=== Section Start ===

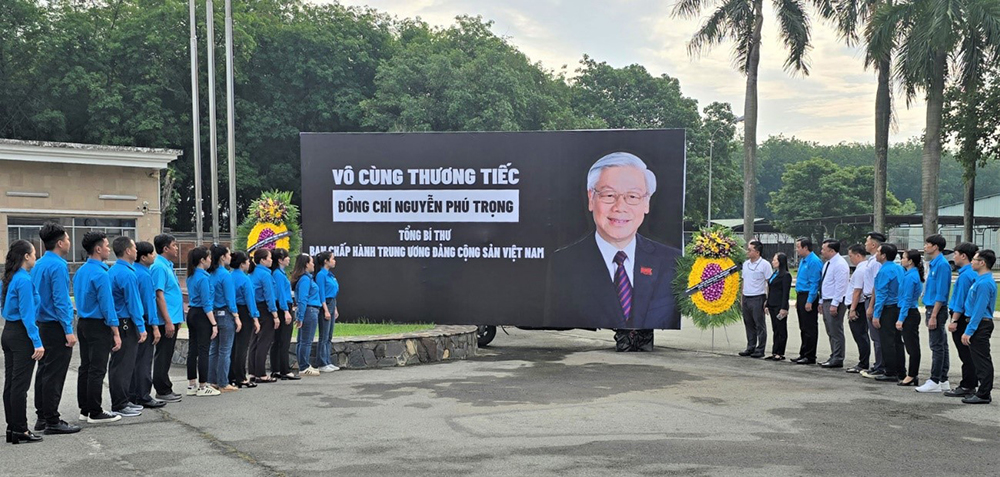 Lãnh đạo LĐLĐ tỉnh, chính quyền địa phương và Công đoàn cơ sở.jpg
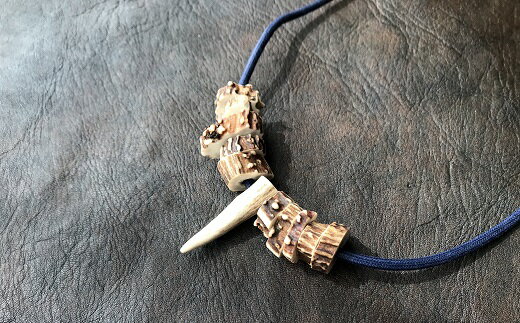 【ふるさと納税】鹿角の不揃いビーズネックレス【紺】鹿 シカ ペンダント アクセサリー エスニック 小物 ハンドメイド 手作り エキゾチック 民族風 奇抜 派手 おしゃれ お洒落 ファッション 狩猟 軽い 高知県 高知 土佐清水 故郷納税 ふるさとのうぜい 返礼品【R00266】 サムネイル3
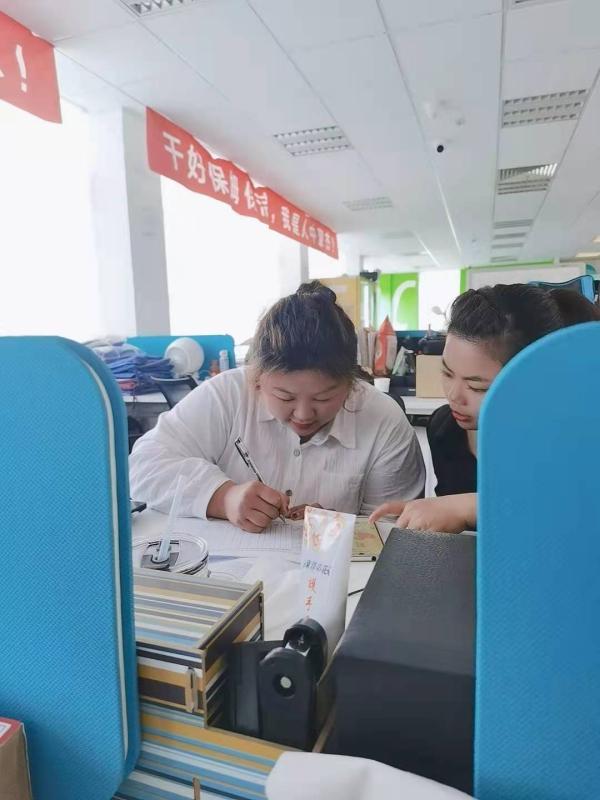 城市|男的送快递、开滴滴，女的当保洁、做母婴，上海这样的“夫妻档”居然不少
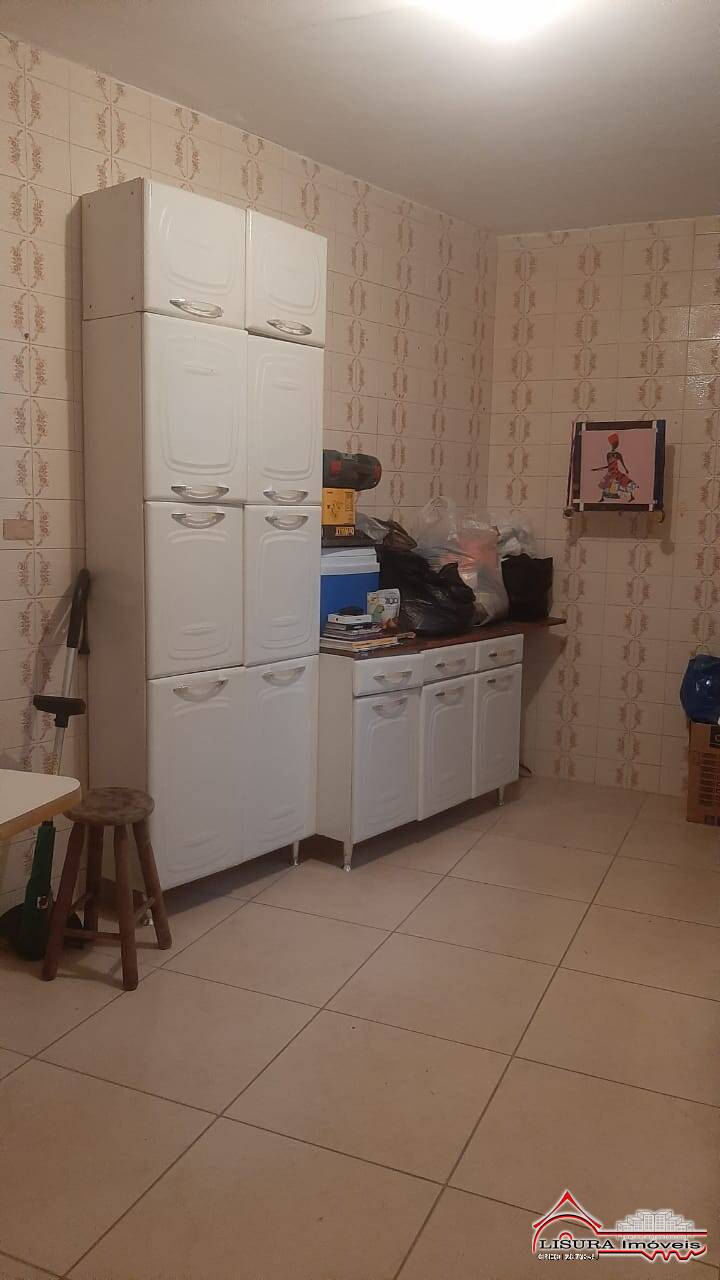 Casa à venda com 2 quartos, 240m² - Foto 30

=== Section End ===

Instructions for the task: Output the listing above exactly, excluding all pictures.

Answer to this problem:
 Lãnh đạo LĐLĐ tỉnh, chính quyền địa phương và Công đoàn cơ sở.jpg
 【ふるさと納税】鹿角の不揃いビーズネックレス【紺】鹿 シカ ペンダント アクセサリー エスニック 小物 ハンドメイド 手作り エキゾチック 民族風 奇抜 派手 おしゃれ お洒落 ファッション 狩猟 軽い 高知県 高知 土佐清水 故郷納税 ふるさとのうぜい 返礼品【R00266】 サムネイル3
 城市|男的送快递、开滴滴，女的当保洁、做母婴，上海这样的“夫妻档”居然不少
 Casa à venda com 2 quartos, 240m² - Foto 30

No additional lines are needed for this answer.